Winning has nothing to do with beating someone else. Winning is not anything external at all. It is an internal satisfaction measured within yourself and has nothing to do with other’s perceptions of your achievements. Success is giving your all. The purpose in life is not to get ahead of others but to get ahead of yourself, to break your own records, to work with more force than ever before. The traditional end–wealth or getting first place–only serves as a navigational tool, a marker to give the process direction. The end for me is greater depth and breadth of character. My aim is to become as internally knowledgeable and as externally aware as possible. The process, the experience, the struggle, the hard-won lessons, these are the ends in themselves.

I paraphrased this from Above All Else: The Everest Dream.

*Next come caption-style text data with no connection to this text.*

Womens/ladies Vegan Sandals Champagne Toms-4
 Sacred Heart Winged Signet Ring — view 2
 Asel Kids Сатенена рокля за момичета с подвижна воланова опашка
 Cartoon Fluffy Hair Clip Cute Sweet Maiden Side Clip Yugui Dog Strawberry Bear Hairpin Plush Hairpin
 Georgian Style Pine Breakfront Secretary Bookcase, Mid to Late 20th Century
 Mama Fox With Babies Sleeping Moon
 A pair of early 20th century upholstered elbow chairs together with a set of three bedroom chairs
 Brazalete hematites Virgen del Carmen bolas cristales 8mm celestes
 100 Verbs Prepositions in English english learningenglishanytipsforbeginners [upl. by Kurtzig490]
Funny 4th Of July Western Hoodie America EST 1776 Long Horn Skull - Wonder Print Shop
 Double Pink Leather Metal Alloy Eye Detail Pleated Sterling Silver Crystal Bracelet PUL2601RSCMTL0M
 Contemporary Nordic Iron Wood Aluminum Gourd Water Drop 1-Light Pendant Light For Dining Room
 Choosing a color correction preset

Growing up, I LOVED to read as a child.  I actually read too much; I would read 10-12 hours each day.  I loved reading stories about heroes accomplishing amazing feats in extremely difficult situations.  I imagined I was a hero in my own story that someone would read someday.  Heroes do great things.  They fight through impossible odds.  They never give up.  They never give in to pain, weakness, or fear.  Those stories inspired me and drove me to the success I have achieved.  Throughout the years, I have always tried to live up to the standards of my heroes.

Your life is your story.

Someday people will read your story. They will cry your tears. They will celebrate your triumphs.  When you are tired and down; when you think you cannot possibly go on, people are turning the pages hoping breathlessly that you will find the strength to keep going. You will succeed; you have to succeed because there is so much of your story left, and millions will be inspired by the time they finish the last page.

Inspiration is fundamental to achieving success.  If you are in need of an inspirational boost, I recommend Above All Else: The Everest Dream.